La modernisation du réseau concerne deux grands dossiers : le premier est celui de la nouvelle signalisation européenne, celle du système européen de gestion du trafic ferroviaire (ERTMS), qui rend possible le passage d'un pays à un autre et accroît les capacités des lignes - nous sommes très en retard sur ce dossier ; le second est la commande centralisée du réseau, qui implique d'immenses postes d'aiguillage à grand rayon d'action remplaçant beaucoup de petits postes isolés, pour plus d'économies, d'efficacité et de fiabilité.
Les besoins sont énormes : quelle quantité d'argent le pays pourra-t-il investir, pour quel projet de réseau ferroviaire ?
Le fret dépend de l'investissement et des aides, face à une concurrence routière extrêmement puissante. Il faut soutenir l'usage du fret ferroviaire, notamment par l'aide à la pince, pour passer un conteneur d'un bateau à un train - c'est une subvention autorisée par l'Union européenne - et par l'aide au wagon isolé, pour les territoires diffus.
C'est donc une question d'argent.
Cela renvoie au plan Marshall et au plan de relance. Je souhaite que ce dernier compte des dimensions fret et réseau importantes. Il devra être combiné au Green New Deal. Voilà une opportunité que, j'espère, nous saurons utiliser.
Nous avons déjà parlé des gestes barrière. Oui au gel ! Pour les masques, on verra. La SNCF est prête à participer mais ce n'est pas à elle d'équiper l'ensemble de la population française. Cela relève largement des pouvoirs publics. En revanche, je souhaite le port du masque dans les trains.
Si le groupe SNCF a en effet une vocation internationale, dans l'allocation des ressources, ma priorité est le ferroviaire français. Le Président de la République m'a donné pour mission qu'il fonctionne bien, en qualité et en maîtrise des coûts. L'international ne doit pas consommer une quantité de cash trop importante. S'il rapporte de l'argent qui aide la politique ferroviaire française, j'y suis favorable. Voilà la nuance et le recentrage stratégique que je souhaite apporter.

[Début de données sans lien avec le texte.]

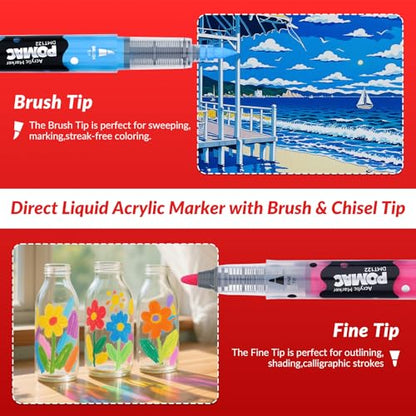 Dual Tip Acrylic Paint Markers Pens 36 Assorted Colors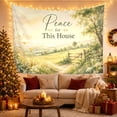 thumbnail image 3 of Pastoral Gate with Wildflowers in Hazy Light, Calming Watercolor for Nature Lovers, Rustic Wall Art, Housewarming Gift, Tapestry Wall Hanging for Living Room and Bedroom, 3 of 7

Effectivement, Eurostar souffre beaucoup, comme les TGV. Keolis ne s'en sort pas trop mal car son business model repose sur la délégation de service public. Geodis connaît des problèmes mais son activité asiatique assez importante bénéficiera peut-être de la reprise de la production industrielle en Asie.
Oui, il va falloir reprogrammer les travaux sur le réseau. Je suis incapable de vous dire comment. Certaines dates de réouverture sont remises en question. Je ne vois pas comment rattraper plusieurs mois de retard. Il y aura donc des problèmes de date et éventuellement des problèmes de priorité.
Sur les aspects sociaux, la SNCF n'est pas toute seule. Elle appartient à une branche gérée par l'Union des transports publics et ferroviaires (UTP). La convention collective nationale est en cours de construction. La partie de la convention sur la classification et la rémunération a été votée par deux syndicats, quand trois autres s'y sont opposés. Aucun accord n'a donc pu être signé sur cette partie. Pour sauter l'obstacle, l'État peut prendre la main et traiter par ordonnance. Je n'y serai pas défavorable car nous sommes à l'arrêt, ce qui n'est pas bon alors que la concurrence s'amorce. Deux syndicats étaient tout de même favorables. Peut-être le ministère des transports prendra-t-il ses responsabilités.
Je suis conscient des besoins d'amélioration du réseau en Normandie, que je connais bien. Comptez sur moi pour soutenir des lignes telles que la ligne nouvelle Paris-Normandie. Il ne s'agit pas forcément de construire un TGV vers la Normandie ou l'Auvergne mais j'ai à l'esprit l'égalité entre les territoires et la nécessité de réhabiliter l'offre ferroviaire dans certaines régions.